The Lahore Conference

On the 22nd of March 1940, a general session of the All India Muslim League was called by Muhammad Ali Jinnah to discuss the situation arising from the outbreak of the Second World War and the Government of India joining the war without taking the opinion of the Indian leaders. Also on the agenda was to discuss why the Muslim League had failed to win the general elections in 1937. Jinnah, in his speech, criticised the Congress and the nationalist Muslims while also advocating for the Two-Nation theory and the demand for a separate homeland. His arguments caught the attention of the Muslim masses and Sikandar Hayat Khan, chief minister for Punjab, who drafted the Lahore Resolution. It was placed before the All India Muslim League for discussion. The resolution was adopted on the 24th of March 1940 and the Hindu dominated press termed it as the “Pakistan Demand”. The resolution demanded that the areas where Muslims were in a numerical majority should be grouped to constitute independent states in which the constituent units shall be autonomous and sovereign. By emphasizing the idea of Pakistan, the Hindu press succeeded in converting a wordy and cloudy lawyer’s formula into a clarion call. The Muslims, who were searching for their identity, finally found it in the Lahore Resolution. Thereafter, the dominant theme of Muslim politics shifted from criticising Hindu injustice to demanding separate political existence.

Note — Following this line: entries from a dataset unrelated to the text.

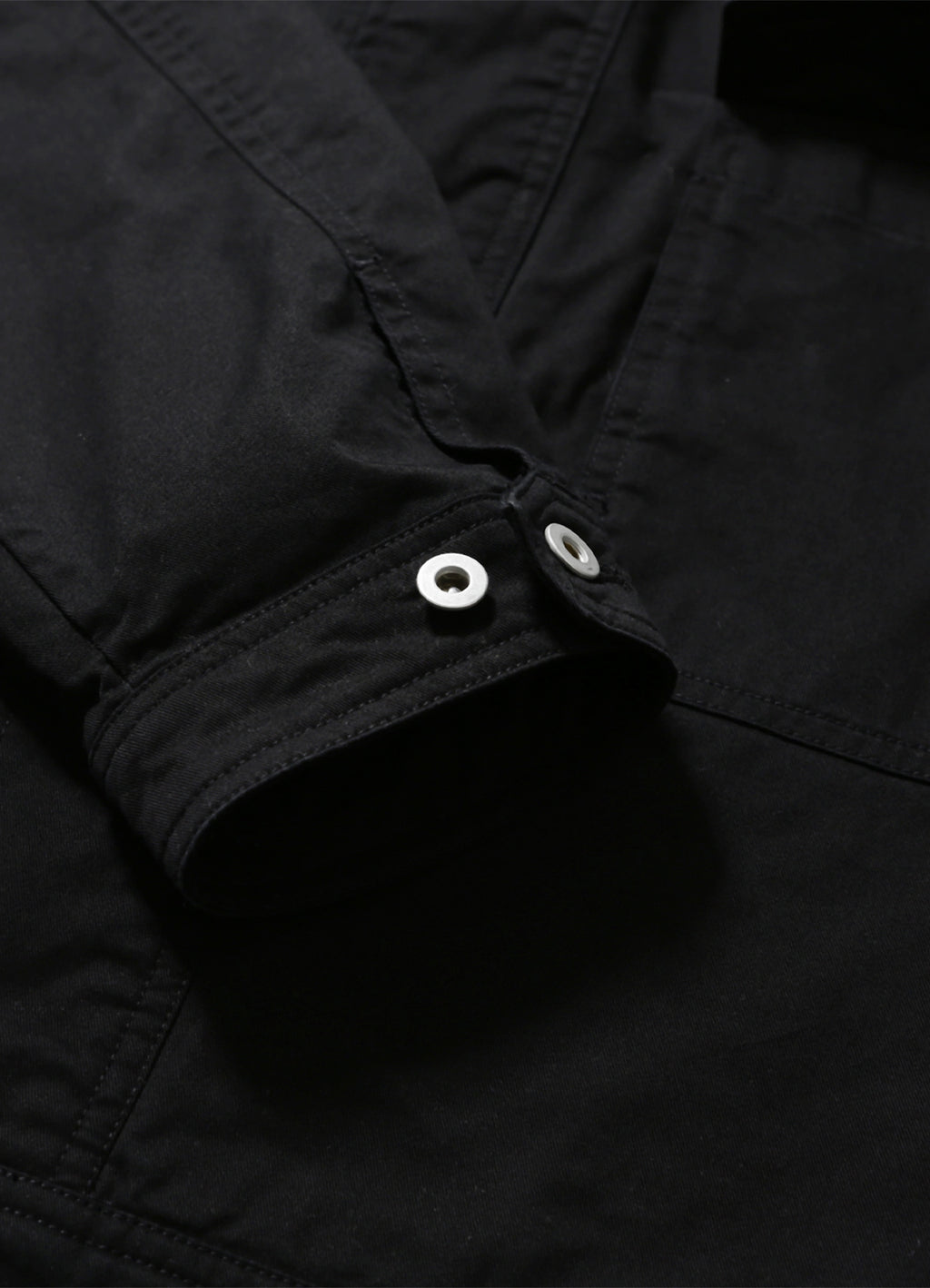 BIO WASHED BLOUSON JACKET [HOD26-02-JK004]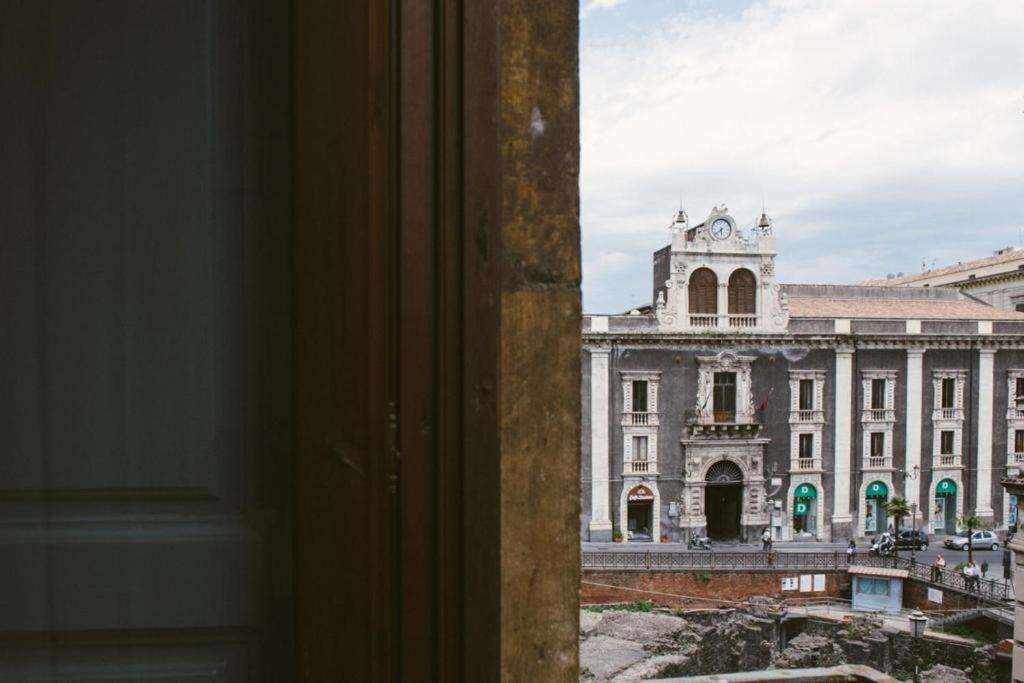 Agatha Cosy Hotel Catania Exterior photo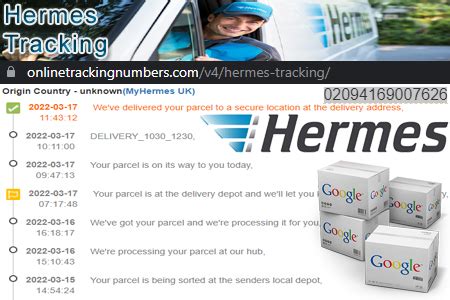 hermes corrieri|tracking hermes italia.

Significance of the Lahore Resolution

Indeed, from 1940 onwards, Pakistan was a great talking point of the Indian independence debate. Allama Iqbal had also espoused the idea earlier with Muslim leaders as he famously reflected this concept in his Allahabad address of 1930, envisioning a North Western Muslim Province within the British Indian Union. The resolution has not lost its historical significance and remains the document for the existence of Pakistan and the continued struggle for the liberation of Kashmir. Quaid E Azam Muhammad Ali Jinnah’s speech to the Constituent Assembly on 11 August 1947 reflected the spirit of the Lahore Resolution in many ways. The passing of the Resolution in 1940 marked the transformation of a Muslim minority in British India into a nation with its distinguishing socio-cultural and political features. The resolution is special in the sense that it employs a modern political discourse for putting forward its demand rather than using a religious idiom for creating a religious-Islamic state for the protection of Islam. The resolution addressed the political and constitutional context of British India and pointed out the course of action which needed to be taken to secure the Muslim identity, rights, and interests. The Resolution thus offered a new course of action for the Muslims of British India as compared to the Muslim League position adopted on constitutional and political issues in the past. The change was that of strategy but not of the goal. But perhaps the most significant aspect of the Pakistan Resolution is the fact that it is the documented version of the Two-Nation theory.

Conclusion

The Muslims of British India had been in search of their identity for the most part of the nineteenth and the twentieth century. After going through a gruelling Congress rule, the Muslim leadership finally realised that a united India with a federal system of governance and Hindu majority was not going to fare well for the Muslims in the future. This made the All India Muslim League leadership draft a resolution demanding a separate homeland for Muslims and complete autonomy for their cultural, social, and political rights. The two-nation theory, which once remained a robust idea in the minds of great men, was for the first time, drafted in ink and paper for the world to see its importance and relevance. Let us celebrate this day, and remember the sacrifices of our forefathers, to renew our commitment to this state. Pakistan Zindabad!